Well, of course, a joke that emphasizes her limitations as a vocalist is not going to get the same degree of blowback as one that compares her to a dog…

Just to take this to take this a little further into the “today needs explanation” realm,…

I thought the joke was that they removed Tammy Fae Bakker’s makeup and found Jimmy Hoffa, and that the police were looking in Jeffrey Dahmer’s refrigerator and found Gein Cuisine. (does anyone today know who Tammy Fae was, or remember Ed Gein?)

What?

The makers of Fantastic Cigarettes - long in the leaf and short in the can - bring you another true story from the tattered case book of Nick Danger, Third Eye.
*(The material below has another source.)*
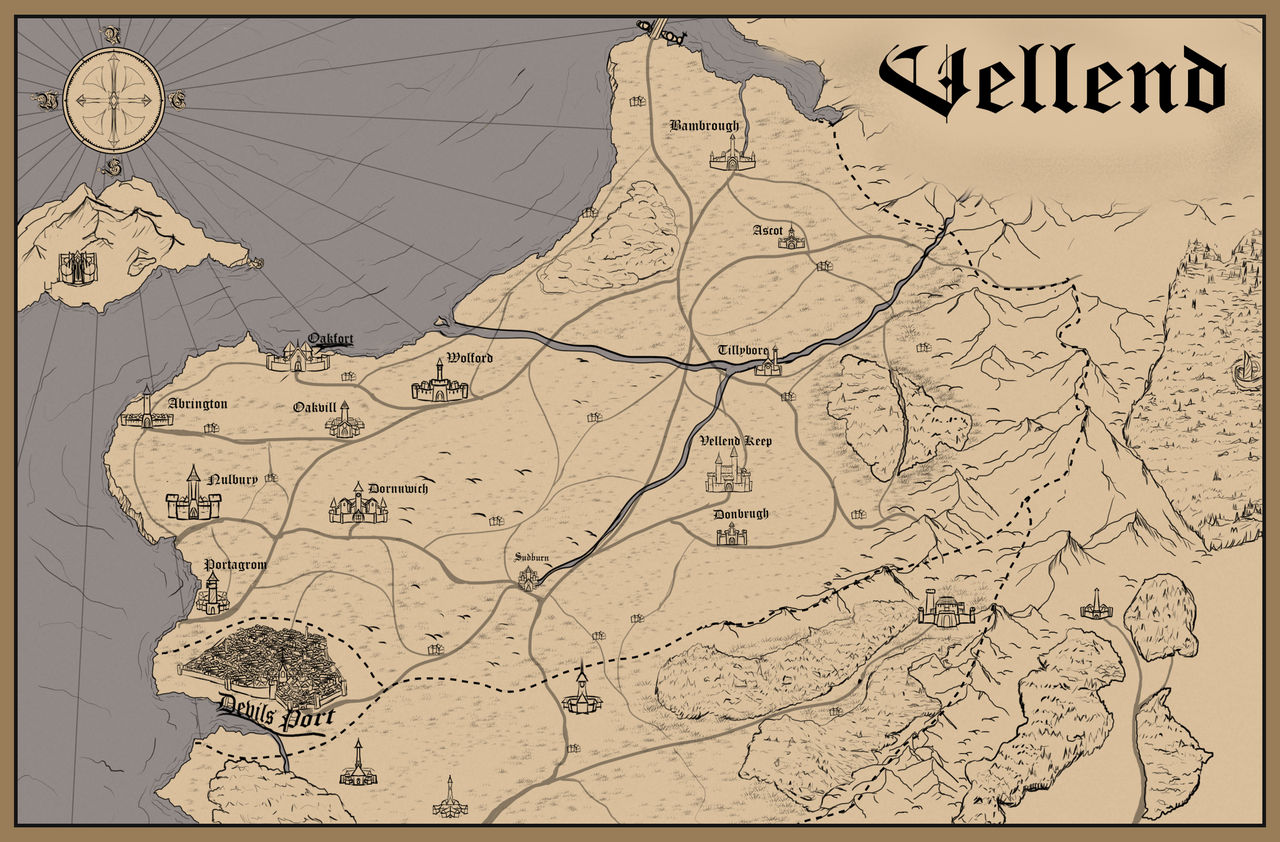 Map Of Velend by Rynlandraws on DeviantArt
Join us now in the adventure we call “Cut Him Off at the Past!”

Did this as a “radio play” for a class when I was in high school; can probably still quote most of it from memory. “At Fourth and Drucker, he turns left. At Drucker and Fourth, he turns right. He crosses McArthur Park and walks into a great sandstone building (smak! Ow, my nose!)” I’ve made a few Firesign Theater references at work, and have only had one recognized. I’ll often throw in a “Why, he’s no fun, he fell right over.”
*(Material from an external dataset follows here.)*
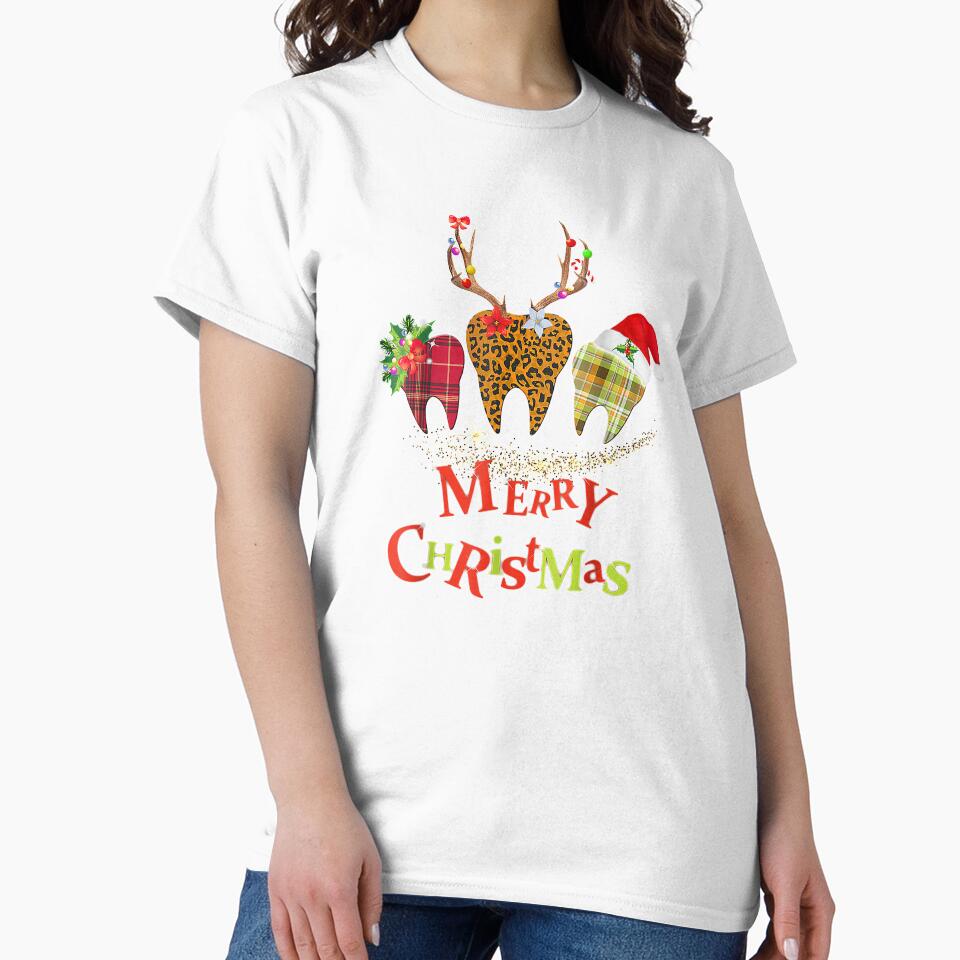 Dentist Merry Christmas Teeth by OrnamentallyYou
I still sometimes use “I can shout! Don’t hear you!” It often gets a laugh, even though I’m sure no one gets the reference.

Oh, you mean Nancy!

I posted the Tammy Faye joke; “Gein Cuisine” instead of “Lean Cuisine” (nyuck-nyuck-nyuck!) is one I never heard before, though I do know lots of Ed Gein jokes (many of which can’t be posted here). My older brother came home from his junior high one day with a whole slew of them.

It occurs to me that there must be some who wouldn’t get the nyuck-nyuck-nyuck! reference today. Or lines like “Shaddup, Porcupine!”
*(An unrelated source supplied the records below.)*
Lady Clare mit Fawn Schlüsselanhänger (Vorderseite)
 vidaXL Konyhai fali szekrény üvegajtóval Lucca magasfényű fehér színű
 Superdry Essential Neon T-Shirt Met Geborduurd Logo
I think every local phone system had their own way of doing it. When I was a kid in our local telephone system, you just “0” for operator to request directory assistance.

[tangent]

I was on a setup for early teleconferencing software for an engineering firm, with a dozen offices around the world. The head tech guy said “Okay, to test levels we’re going to need twenty minutes of speech with no pauses.” One of my co-workers immediately announced “We got this. Digs, let’s have some Firesign.”

I’d spouted lines at work, but hadn’t heard all of Nick Danger since college 20 years before, but damn it was permanently lodged in my brain. It was so fun to do all the voices (perfectly, I might add, even Catherwood). By the end, my boss asked the group if they had their levels. Tech guy said “Oh, we were done ten minutes ago, but we all had to hear how it ended!”

[/bragging]

I listened to that one a few weeks ago, and it was the first time I understood the line “My story had more holes in it than Albert Hall.”

Can’t tell you how many movies and TV shows from the 60s have someone pick up a phone, dial 0 (or just jiggle the connection) and say “Hello, Operator? Get me the police!”

I had to explain that to my kids… turns out it wasn’t just the lack of 911 they were wondering about, it was that there was a human being that was paid to wait until you needed them to connect a call for you without you having to dial.

Huh? Jiggling the hook (or the buttons on the hook) to alert an operator was still a thing in the '60s? I remember it being done in TV shows like The Untouchables, but not when I was in grade school. We all had to dial 0 to get an operator. (This was in Minneapolis, which might actually have been more advanced than other parts of the US, hard as that is for me to believe.)